Con le specifiche della realtà virtuale ben presenti, il Linden Lab si è apprestato a costruire un nuovo motore che potesse effettuare il rendering delle splendide manifestazioni artistiche create dagli utenti con una visualizzazione dei frame rate adatta ai visori di VR da indossare sul capo (HMD) come Oculus Rift e HTC Vive.

Spazio eventi in VR
All’hub di eventi VR Cult, gli utenti della VR possono esplorare le mostre di ben noti artisti. Crediti fotografici: Dario Buratti.
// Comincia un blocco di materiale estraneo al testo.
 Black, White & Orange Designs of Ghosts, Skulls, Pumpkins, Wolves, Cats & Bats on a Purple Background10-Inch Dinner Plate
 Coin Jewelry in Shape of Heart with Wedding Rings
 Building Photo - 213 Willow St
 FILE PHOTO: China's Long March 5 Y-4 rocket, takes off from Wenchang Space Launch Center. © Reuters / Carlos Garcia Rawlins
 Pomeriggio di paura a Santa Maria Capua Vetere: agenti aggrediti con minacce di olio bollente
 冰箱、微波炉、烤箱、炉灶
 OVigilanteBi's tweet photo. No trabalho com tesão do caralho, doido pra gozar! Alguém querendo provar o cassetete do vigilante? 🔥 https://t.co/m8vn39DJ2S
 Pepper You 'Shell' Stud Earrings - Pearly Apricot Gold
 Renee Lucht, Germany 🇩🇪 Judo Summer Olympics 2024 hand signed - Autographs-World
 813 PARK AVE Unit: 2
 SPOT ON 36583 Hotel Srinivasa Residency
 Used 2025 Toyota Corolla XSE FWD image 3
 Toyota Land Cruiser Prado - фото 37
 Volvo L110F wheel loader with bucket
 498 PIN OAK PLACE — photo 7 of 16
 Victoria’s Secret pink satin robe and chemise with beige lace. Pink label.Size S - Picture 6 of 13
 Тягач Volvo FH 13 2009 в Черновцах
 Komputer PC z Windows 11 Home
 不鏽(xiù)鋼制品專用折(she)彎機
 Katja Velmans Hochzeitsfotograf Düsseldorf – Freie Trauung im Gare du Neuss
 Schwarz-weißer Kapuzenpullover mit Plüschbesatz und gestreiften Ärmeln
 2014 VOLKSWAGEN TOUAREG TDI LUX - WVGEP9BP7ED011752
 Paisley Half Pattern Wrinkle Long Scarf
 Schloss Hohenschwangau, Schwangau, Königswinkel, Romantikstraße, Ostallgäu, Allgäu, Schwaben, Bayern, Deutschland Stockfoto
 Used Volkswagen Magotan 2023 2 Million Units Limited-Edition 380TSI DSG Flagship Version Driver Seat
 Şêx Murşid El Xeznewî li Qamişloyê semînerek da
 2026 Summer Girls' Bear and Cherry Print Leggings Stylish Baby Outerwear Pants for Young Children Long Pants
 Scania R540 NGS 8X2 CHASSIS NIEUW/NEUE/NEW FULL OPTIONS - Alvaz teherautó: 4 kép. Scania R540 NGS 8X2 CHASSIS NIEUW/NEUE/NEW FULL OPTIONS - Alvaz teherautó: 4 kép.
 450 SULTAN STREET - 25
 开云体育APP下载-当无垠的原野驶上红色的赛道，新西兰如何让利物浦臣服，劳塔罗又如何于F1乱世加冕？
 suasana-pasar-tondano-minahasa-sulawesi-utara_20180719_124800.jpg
Questo aggiornamento grafico rende realistici gli arcipelaghi e gli splendidi tramonti di Sansar, ma soprattutto consente di colmare il divario tra il mondo virtuale e quello reale. Le persone che visitano Sansar trovano indimenticabile questo mondo in realtà virtuale, ha affermato Laurin.

Ad esempio, Laurin stesso, che supervisiona lo sviluppo di Second Life e Sansar, tiene riunioni settimanali con i team all’interno dei mondi virtuali. Secondo lui, aver trasferito il luogo della riunione a Sansar ne rende molto più chiaro il ricordo.

“[In my memory,]Non ero in ufficio con un visore di VR. Io ero là”, ha affermato Laurin.

La ricerca supporta l’esperienza di Laurin. Secondo uno studio sulla presenza e sulla memoria del Virtual Human Interaction Lab di Stanford, i partecipanti a cui veniva fornito un feedback visivo e immersivo ricordavano le loro esperienze virtuali in modo più definito.

Altre funzioni specifiche della VR come l’audio spaziale – una tecnologia che lega il suono a oggetti specifici nell’ambito dell’ambiente 3D – rende il ronzio ininterrotto del mondo sintetico con una certa credibilità.

Quando gli utenti parlano in Sansar, ad esempio, le loro voci vengono emesse dal corpo. All’inizio può sembrare poco significativo, ma questo cambiamento aumenta moltissimo la soddisfazione di conversare con qualcuno in un mondo virtuale, ha affermato Laurin.

Alle riunioni settimanali con i 40 avatar del suo team di sviluppo che gli si accalcano intorno, Laurin può udire una voce e sapere esattamente chi gli sta parlando. Guarda in direzione di una persona e vede muoversi le labbra dell’avatar. La capacità di udire una voce che si irradia da qualcuno ha avuto un effetto contagioso sulla sociabilità nella VR.

“Vedo spesso piccoli gruppi di persone che si ritrovano sotto un albero parlando, come farebbero nella vita reale”, ha affermato.

Insieme con gli altri trucchi sensoriali, come il sole che proietta le ombre dal corpo di un avatar su una parete, Sansar ha la capacità tecnica di effettuare un rendering eccezionale dei mondi di VR, come nella vita reale.

Tramite Sansar, i creatori di contenuti, come Buratti e la sua galleria d’arte irreale, dispongono degli strumenti di VR per dar vita ai loro sogni. E possono invitare anche altre persone a farne parte. Ed ora che questo nuovo mondo di VR è una realtà in crescita, gli ospiti stanno arrivando.